The introduction to the web book is reminiscent of the Genesis of thinking and behavior of a person who tries to use a new tool that he developed himself, and only when implementing it, does he find out what the new tool has to offer him. In our case, it is about the entry of the Internet into the growing distribution of social and economic relations, specifically between individuals, teams, and collectives TG and FB. How to proceed? What about the opportunity below?
Coalition for the UN We Need (C4UNWN)
C4UNWN provides an open forum for civil society, the United Nations and Member States to support the renewal, innovation, and strengthening of the United Nations system. They support and initiate partnerships, activities, campaigns, information gathering and sharing, progressive ideas, leadership, and advocacy for new paths.

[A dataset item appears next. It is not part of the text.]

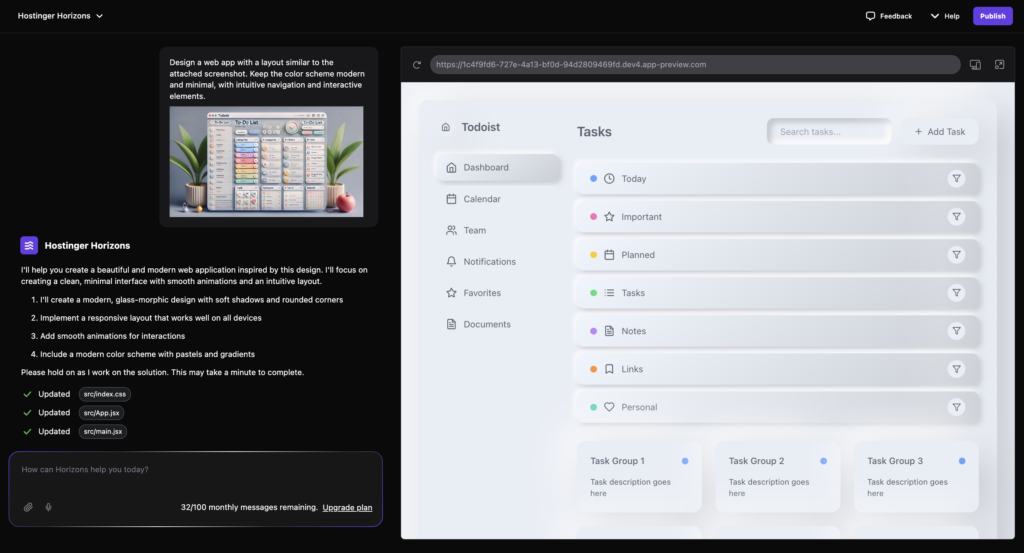 Uploading a screenshot to a prompt in Hostinger Horizons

Let me introduce an idea of how to proceed with a link to the new UN initiative via Webbook. The work on the Webbook will end in 2025. It is enough time to look for the needed space for the next steps.
There is an excellent opportunity to supplement this UN initiative with a parallel effort but with the stream of communication in the opposite direction. First, to grip a specific detail and then its content transfer into an understandable and precise (aimed) discussion, still on a general level.

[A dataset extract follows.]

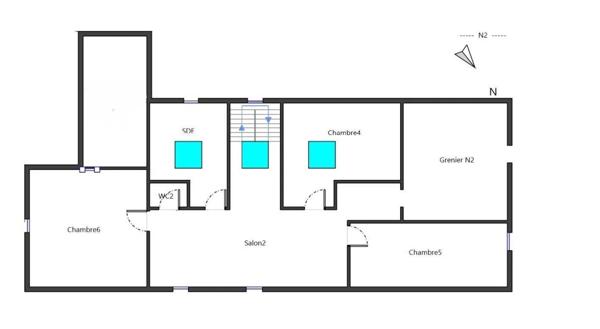 Maison en pierre 5 chambres, terrasse, garage.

Both directions, top-down, starting on the general issues, and bottom-up, streaming to the holistic thinking, are for the UN operations helpful.
There's a lot to talk about. The world will gain significant experience in project strategy, tactics, preparation, implementation, and operations in various applications over the past 23 and seven upcoming years to 2030 (e.g., through SED packages, DRR, and HA projects, see, e.g., Figure W11).
UN has presented a new vision for the world development of the Century in two steps and is now preparing for the third one. The first step was the implementation of the Millennium Development Goals (MDGs) during the years 2000-2015, and the second step was the promotion of the Sustainable Development Goals (SDGs) for 2015–2030. That being said, the third step is behind the door.
The ongoing process of the second step is an attempt to use the project tool for a wide range of tasks (17 goals) for all people from all states. A new platform is being created that needs to be rebuilt for the communication environment of 21. Century.
There is a chance to utilize the second step to build the next one. The open question still is what it means and how to do it. The first step, especially the second, will evaluate how everything turned out and how to proceed. There are a lot of challenges and new stimuli in the game.
The Author has monitored the Coalition for the UN activities for over two years, inspiring him to the idea of the Internet Portal (IP) under the UN umbrella. The idea is about how to grip a specific detail and then its content transfer into an understandable and precise (aimed) discussion, as was said above.
Both directions, top-down, starting on the general issues, and bottom-up, streaming to the holistic thinking, are for the UN operations helpful. The Website and Webbook (W&W) recommend that Infrastructure and Governance (I&G) be accepted as the "detail" of this global Internet Portal (IP).
The start-up step is formulating a need for a worldwide standard IP for Infrastructure and Governance (I&G) tasks, its added value, and the risks of its failure. The Author of the Webbook is persuaded that the UN level is the best place to start this work.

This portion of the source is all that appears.